Donner une chance à la gauche
Dans son éditorial, El País décrit les possibilités qui se présentent :
«Emmanuel Macron, plus isolé que jamais, est confronté à un dilemme difficile à résoudre : il peut maintenir le cap, même s'il aggrave ainsi l'instabilité et par conséquent la division entre la société et la classe politique. Ou il reconnaît enfin le résultat des élections qu'il a lui-même convoquées, en admettant que la gauche tient la légitimité pour au moins tenter de gouverner. Ou bien il dissout de nouveau le Parlement avec le risque de renforcer le RN, pour se retrouver ensuite dans la même impasse. Cette option est probable dans la mesure où il a donné 48 heures à Lecornu pour entamer des négociations tout en déclarant qu'en cas d'échec, il prendra ses responsabilités.»
Retourner aux urnes
Pour Le Figaro, il est temps de voir la réalité en face :
«Plutôt que de faire encore tourner les manèges des nominations, plutôt que de chercher des pactes de non-censure, plutôt que d'emprunter les 'chemins' qui, soi-disant, permettraient une stabilité gouvernementale, il faut se rendre à l'évidence : nous sommes arrivés au bout d'une illusion entretenue depuis juillet 2024, celle de partis ayant perdu les élections et qui s'autorisent à exercer le pouvoir avec l'arrogance des majorités écrasantes. Dans cette histoire, il ne faut pas se tromper de coupable. ... Ce grand désordre, cette pénible confusion, nous ramène à celui qui, par la grâce de la Ve République, possède autant de pouvoir que de devoirs : le chef de l'Etat. Lui seul a la clef : le retour aux urnes.»

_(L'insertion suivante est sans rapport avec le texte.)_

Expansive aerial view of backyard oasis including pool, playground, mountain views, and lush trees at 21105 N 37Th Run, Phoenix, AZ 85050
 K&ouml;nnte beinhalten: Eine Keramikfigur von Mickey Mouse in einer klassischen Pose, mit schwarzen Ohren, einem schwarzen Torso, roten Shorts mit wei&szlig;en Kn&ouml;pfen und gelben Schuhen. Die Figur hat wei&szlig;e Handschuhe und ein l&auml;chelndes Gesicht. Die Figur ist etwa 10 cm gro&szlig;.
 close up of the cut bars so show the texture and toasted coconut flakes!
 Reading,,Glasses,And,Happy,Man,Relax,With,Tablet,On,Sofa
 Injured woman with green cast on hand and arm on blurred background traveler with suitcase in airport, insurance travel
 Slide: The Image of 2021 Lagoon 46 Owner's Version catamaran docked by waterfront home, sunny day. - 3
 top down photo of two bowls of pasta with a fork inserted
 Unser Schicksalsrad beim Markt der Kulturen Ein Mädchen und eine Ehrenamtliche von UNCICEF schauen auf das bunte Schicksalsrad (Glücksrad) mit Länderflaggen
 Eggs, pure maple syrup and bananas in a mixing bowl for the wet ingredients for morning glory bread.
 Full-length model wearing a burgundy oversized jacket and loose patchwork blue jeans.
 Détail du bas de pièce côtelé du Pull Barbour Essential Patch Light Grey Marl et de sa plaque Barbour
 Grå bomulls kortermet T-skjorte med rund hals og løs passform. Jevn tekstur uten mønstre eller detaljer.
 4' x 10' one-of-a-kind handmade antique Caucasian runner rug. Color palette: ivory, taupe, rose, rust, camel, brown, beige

Les marchés financiers donnent l'alerte
Le quotidien Frankfurter Allgemeine Zeitung s'inquiète pour la stabilité économique du pays :
«On a l'impression que trop d'individus à Paris lorgnent sur de nouvelles élections au lieu de prendre à bras-le-corps les problèmes sérieux auxquels est confronté le pays. Ceux-ci sont connus et leur résolution ne sera pas simplifiée en les remettant à plus tard. Lundi aussi, les marchés financiers ont rappelé à la politique les problèmes budgétaires. Si la deuxième économie de l'UE et de la zone euro est moins bien notée que la Grèce ou l'Italie, c'est un signal d'alarme. ... Pendant la crise de l'euro, l'Europe a dû apprendre que les réformes sont parfois imposées par les marchés. Il vaut mieux s'épargner cette expérience à Paris, y compris dans l'intérêt des partenaires. ... Selon le calendrier, le prochain scrutin se tiendra en 2027. Difficile d'imaginer les choses continuer ainsi d'ici là.»
Un président isolé
Emmanuel Macron est devenu un étranger pour les Français, écrit Stefano Montefiori, correspondant à Paris du quotidien Corriere della Sera :
«'Je ne comprends plus ses décisions', a affirmé [l'ex-Premier ministre] Gabriel Attal. ... C'est le point de vue de nombreuses personnes qui ont un jour cru en Macron : ils ne comprennent pas pourquoi il a soudainement dissout l'Assemblée nationale [en juin 2024], pourquoi il a nommé Premier ministre un vieux monsieur comme Barnier, puis un autre vieux monsieur comme Bayrou, puis le jeune Lecornu, qui avait pourtant le défaut insurmontable d'être l'ultime fidèle macroniste, alors que tout ce qui est associé à Macron est impopulaire aux yeux de la population et de presque toute la classe politique.»